(Foto Ansa)
Una nuova ricerca pubblicata su PNAS ha ricostruito l’evoluzione delle cellule del sangue lungo circa 700 milioni di anni, tracciandone le trasformazioni attraverso le diverse specie animali fino all’uomo. Lo studio suggerisce che, prima della comparsa dei globuli bianchi e delle piastrine, i globuli rossi possano avere origine da un antico organismo unicellulare, emerso nello stesso periodo in cui si sviluppavano le prime forme di vita multicellulare. Il lavoro è stato condotto dai ricercatori della Kyoto University e coordinato da Hiroshi Kawamoto.
Per ricostruire questa storia evolutiva è stato sviluppato un nuovo metodo di analisi in grado di costruire alberi filogenetici delle cellule, utili a mettere in relazione i diversi tipi cellulari tra specie differenti. L’analisi ha permesso di identificare un antenato unicellulare vissuto circa 700 milioni di anni fa come punto di partenza dell’evoluzione del sistema sanguigno.
Lo studio evidenzia anche come la composizione del sangue vari significativamente tra le specie, riflettendo percorsi evolutivi differenti ancora in parte poco conosciuti.
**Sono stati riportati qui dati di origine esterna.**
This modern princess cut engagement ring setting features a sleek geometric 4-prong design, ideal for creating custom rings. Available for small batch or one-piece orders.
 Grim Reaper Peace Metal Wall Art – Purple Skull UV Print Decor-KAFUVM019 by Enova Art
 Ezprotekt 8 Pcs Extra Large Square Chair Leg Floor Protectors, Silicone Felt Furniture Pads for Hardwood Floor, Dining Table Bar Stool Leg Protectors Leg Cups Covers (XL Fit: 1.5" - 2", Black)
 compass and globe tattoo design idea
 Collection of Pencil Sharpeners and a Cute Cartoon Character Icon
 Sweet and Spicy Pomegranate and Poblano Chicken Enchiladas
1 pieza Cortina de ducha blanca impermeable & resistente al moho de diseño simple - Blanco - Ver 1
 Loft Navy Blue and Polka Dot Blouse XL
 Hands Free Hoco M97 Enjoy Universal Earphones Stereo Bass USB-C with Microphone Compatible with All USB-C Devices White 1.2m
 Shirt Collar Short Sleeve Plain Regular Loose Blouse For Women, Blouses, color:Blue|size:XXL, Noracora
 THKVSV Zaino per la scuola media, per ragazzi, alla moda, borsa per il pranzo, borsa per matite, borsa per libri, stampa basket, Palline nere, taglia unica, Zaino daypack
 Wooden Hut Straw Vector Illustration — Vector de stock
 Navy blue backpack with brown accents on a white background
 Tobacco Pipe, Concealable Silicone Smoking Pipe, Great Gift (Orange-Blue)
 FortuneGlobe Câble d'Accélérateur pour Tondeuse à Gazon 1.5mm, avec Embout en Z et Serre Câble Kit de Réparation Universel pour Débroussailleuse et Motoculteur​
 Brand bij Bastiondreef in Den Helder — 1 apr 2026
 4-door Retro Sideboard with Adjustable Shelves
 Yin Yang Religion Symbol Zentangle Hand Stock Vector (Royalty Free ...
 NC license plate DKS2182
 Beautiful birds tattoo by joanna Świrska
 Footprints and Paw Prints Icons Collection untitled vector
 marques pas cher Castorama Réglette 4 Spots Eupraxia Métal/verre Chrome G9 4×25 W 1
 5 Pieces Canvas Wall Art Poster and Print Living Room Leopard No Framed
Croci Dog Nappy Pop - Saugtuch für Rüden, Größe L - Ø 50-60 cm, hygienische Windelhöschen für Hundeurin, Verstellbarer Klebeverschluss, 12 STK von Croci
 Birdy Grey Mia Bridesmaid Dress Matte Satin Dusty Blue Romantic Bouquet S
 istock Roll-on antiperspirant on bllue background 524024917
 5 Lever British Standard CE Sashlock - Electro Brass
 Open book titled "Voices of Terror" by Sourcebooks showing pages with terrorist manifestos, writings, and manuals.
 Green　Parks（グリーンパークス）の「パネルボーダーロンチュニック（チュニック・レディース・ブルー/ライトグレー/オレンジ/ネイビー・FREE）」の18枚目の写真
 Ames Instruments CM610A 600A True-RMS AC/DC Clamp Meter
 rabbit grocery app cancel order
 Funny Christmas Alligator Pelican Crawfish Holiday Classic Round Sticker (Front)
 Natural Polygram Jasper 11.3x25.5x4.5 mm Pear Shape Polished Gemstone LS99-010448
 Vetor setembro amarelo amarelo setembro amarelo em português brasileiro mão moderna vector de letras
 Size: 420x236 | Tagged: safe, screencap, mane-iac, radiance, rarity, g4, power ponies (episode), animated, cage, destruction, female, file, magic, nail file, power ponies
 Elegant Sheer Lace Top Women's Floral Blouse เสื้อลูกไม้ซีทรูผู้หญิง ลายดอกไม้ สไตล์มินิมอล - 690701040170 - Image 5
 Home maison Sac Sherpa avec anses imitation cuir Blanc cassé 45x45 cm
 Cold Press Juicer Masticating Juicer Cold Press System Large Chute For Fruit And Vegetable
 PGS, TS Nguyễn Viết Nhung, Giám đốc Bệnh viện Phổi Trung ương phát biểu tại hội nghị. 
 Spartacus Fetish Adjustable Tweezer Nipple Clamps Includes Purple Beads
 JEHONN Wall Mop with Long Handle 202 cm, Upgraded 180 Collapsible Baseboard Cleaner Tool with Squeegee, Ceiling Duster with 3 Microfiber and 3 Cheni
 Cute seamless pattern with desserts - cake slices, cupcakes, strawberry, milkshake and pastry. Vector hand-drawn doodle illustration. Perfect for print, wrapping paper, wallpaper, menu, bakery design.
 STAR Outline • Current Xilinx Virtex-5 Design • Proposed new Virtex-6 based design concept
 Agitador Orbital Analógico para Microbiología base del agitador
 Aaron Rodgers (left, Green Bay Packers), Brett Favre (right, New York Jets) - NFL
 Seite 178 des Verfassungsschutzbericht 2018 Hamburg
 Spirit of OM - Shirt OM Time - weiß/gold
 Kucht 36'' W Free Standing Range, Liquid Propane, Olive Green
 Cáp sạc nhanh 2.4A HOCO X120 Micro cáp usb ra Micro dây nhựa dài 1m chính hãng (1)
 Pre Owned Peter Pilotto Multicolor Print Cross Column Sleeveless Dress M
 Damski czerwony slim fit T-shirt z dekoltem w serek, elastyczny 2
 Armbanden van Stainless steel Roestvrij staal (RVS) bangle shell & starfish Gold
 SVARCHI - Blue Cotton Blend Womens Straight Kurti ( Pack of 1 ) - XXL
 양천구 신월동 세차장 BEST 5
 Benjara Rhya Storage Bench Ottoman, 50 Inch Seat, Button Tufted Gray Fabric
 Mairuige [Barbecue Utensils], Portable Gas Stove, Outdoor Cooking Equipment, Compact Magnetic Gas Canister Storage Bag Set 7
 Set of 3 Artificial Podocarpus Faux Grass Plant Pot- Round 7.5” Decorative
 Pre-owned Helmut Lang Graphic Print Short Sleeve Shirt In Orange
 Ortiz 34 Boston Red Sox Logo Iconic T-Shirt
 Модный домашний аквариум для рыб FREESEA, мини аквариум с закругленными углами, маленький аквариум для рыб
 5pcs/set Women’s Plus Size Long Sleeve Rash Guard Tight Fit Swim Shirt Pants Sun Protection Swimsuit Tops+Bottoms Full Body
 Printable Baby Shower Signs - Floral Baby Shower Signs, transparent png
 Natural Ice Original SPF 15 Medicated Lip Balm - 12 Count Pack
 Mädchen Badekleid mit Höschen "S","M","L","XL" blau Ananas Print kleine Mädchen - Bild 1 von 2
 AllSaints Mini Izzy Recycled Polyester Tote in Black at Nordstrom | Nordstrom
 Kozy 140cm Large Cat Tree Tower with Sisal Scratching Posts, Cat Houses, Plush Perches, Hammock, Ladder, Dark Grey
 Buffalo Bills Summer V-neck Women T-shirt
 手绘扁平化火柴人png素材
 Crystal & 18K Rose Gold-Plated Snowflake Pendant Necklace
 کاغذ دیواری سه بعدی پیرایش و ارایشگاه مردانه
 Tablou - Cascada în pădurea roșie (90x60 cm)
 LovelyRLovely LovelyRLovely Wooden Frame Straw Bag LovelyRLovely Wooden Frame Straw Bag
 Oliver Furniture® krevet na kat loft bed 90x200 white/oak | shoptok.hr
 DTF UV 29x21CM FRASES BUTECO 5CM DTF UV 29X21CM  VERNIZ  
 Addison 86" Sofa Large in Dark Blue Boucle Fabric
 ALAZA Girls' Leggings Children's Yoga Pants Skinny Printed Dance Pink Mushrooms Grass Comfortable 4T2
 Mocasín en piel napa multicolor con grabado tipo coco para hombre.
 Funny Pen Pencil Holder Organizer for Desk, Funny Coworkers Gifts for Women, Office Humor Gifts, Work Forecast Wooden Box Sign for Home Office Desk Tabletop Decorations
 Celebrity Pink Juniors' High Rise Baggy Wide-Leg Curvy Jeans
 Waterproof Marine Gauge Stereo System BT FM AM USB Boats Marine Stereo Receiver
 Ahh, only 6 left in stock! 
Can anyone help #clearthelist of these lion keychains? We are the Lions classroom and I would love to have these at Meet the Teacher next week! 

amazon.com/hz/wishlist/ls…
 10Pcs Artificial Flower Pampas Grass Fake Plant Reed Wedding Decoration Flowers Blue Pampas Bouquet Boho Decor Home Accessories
Tra le cellule del sangue umano, i macrofagi risultano le più antiche e simili a forme cellulari primitive, probabilmente tra le prime a essersi evolute. Da questi deriverebbero i mastociti, seguiti dai linfociti T, dai globuli rossi e dalle piastrine. I linfociti B, invece, si sarebbero sviluppati direttamente dai macrofagi in una fase successiva, assumendo la capacità di produrre anticorpi specifici contro i patogeni.